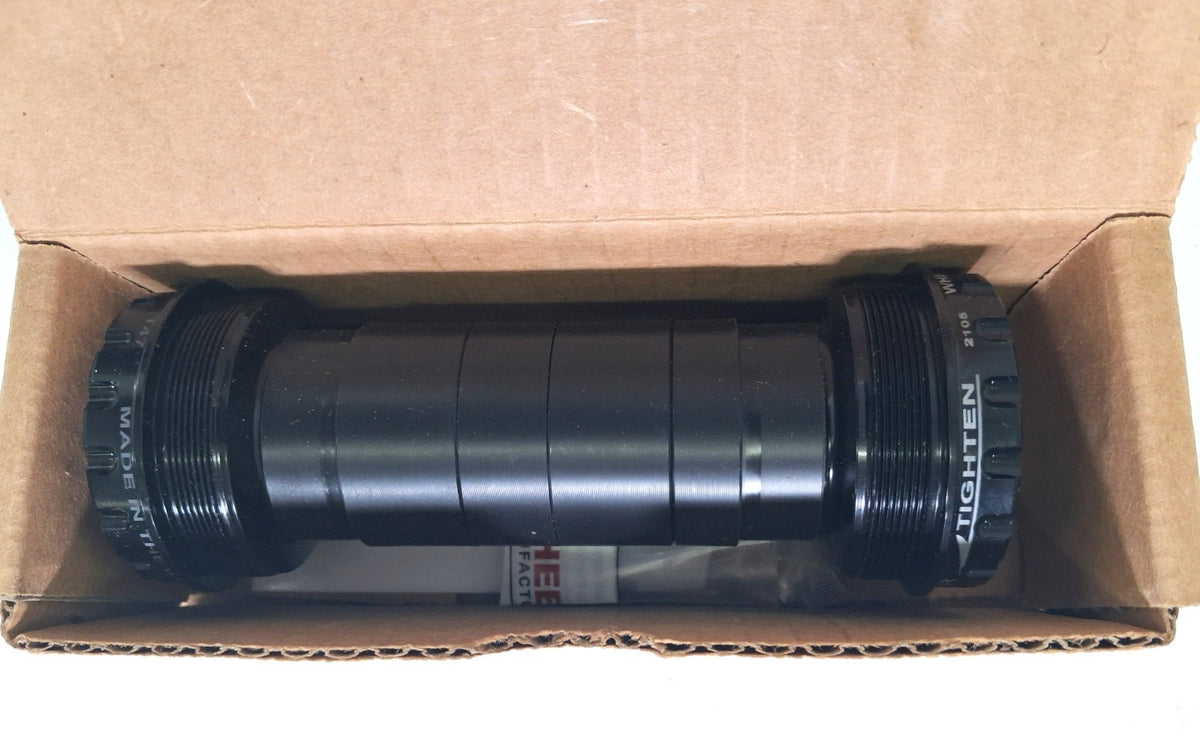Bike Bottom Bracket T47 Outboard Angular Contact 30mm Spindle - Black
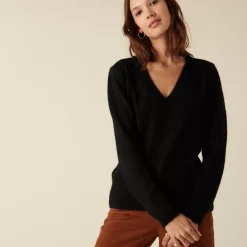 Maison Montagut Pulls>Pull Col V En Mohair Finitions Bords Cotes - Astrid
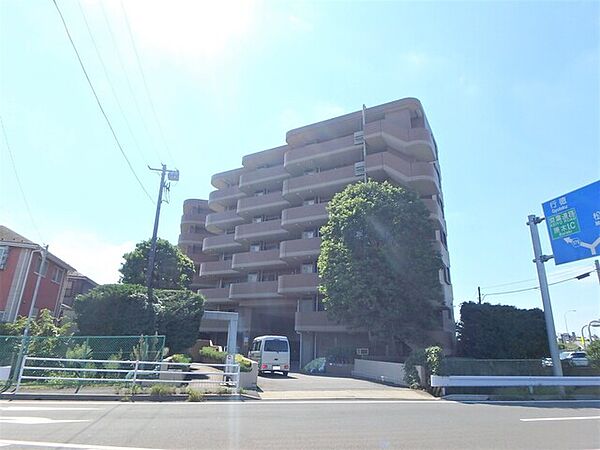 7階建て　総戸数92戸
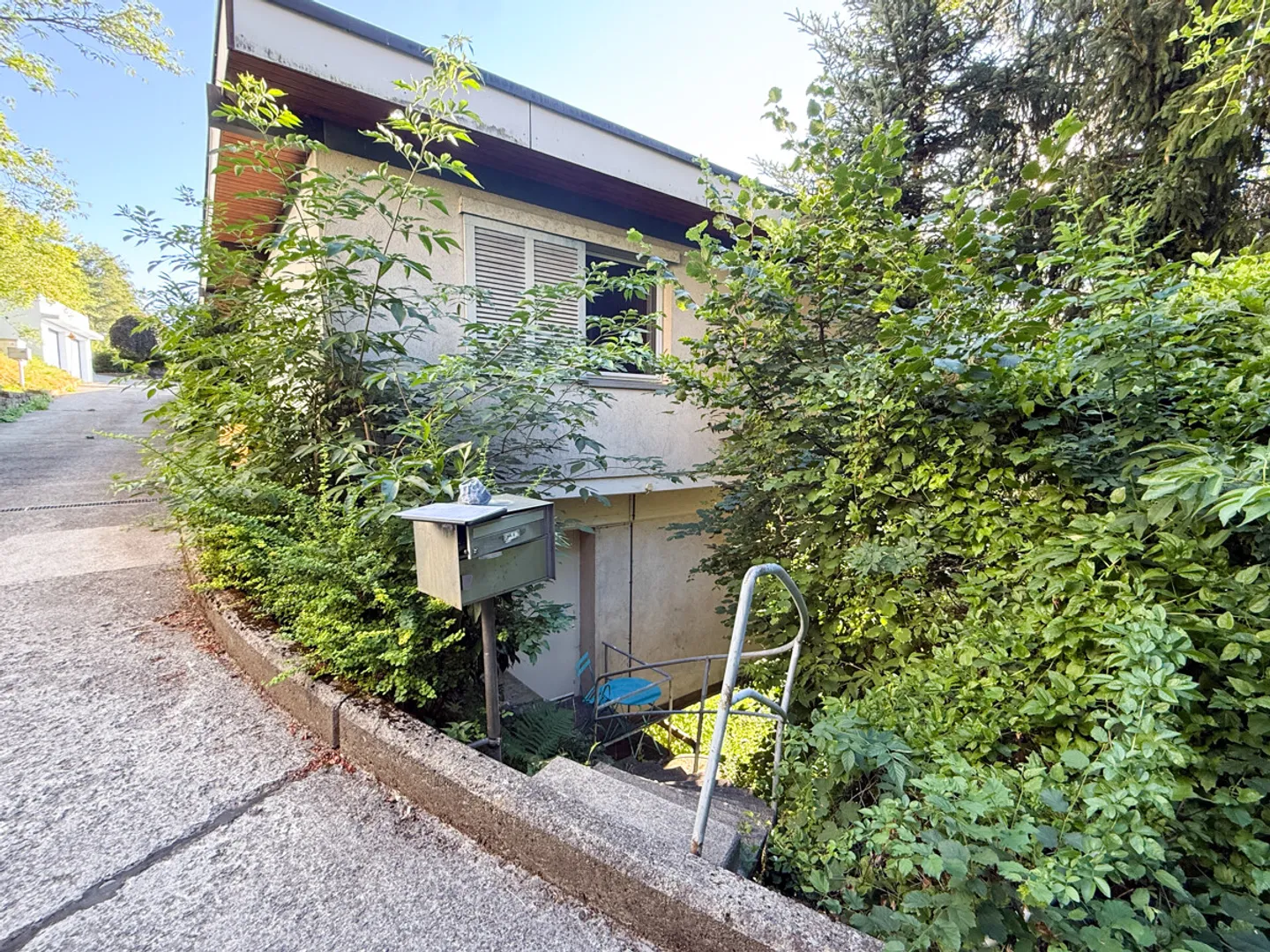 Einmaliges Einfamilienhaus mit Einliegerwohnung und traumhafter Aussic - Photo 7 of 13
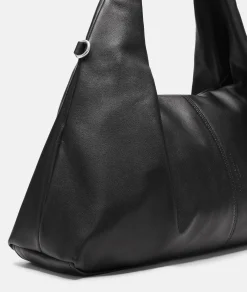 Scarlet Satchel M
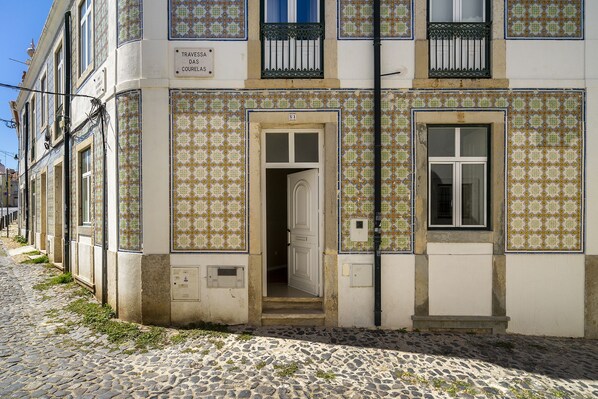 Front of property - Urban Comfort: 1-Br Near Airport & Train Station (Lisbon)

──────

> [EXERCISE BRIEF] Write out the lines from the line with "7階建て　総戸数92戸" through the end of the records exactly; do not include pictures or any other lines.

> [COMPLETED TASK]
 7階建て　総戸数92戸
 Einmaliges Einfamilienhaus mit Einliegerwohnung und traumhafter Aussic - Photo 7 of 13
 Scarlet Satchel M
 Front of property - Urban Comfort: 1-Br Near Airport & Train Station (Lisbon)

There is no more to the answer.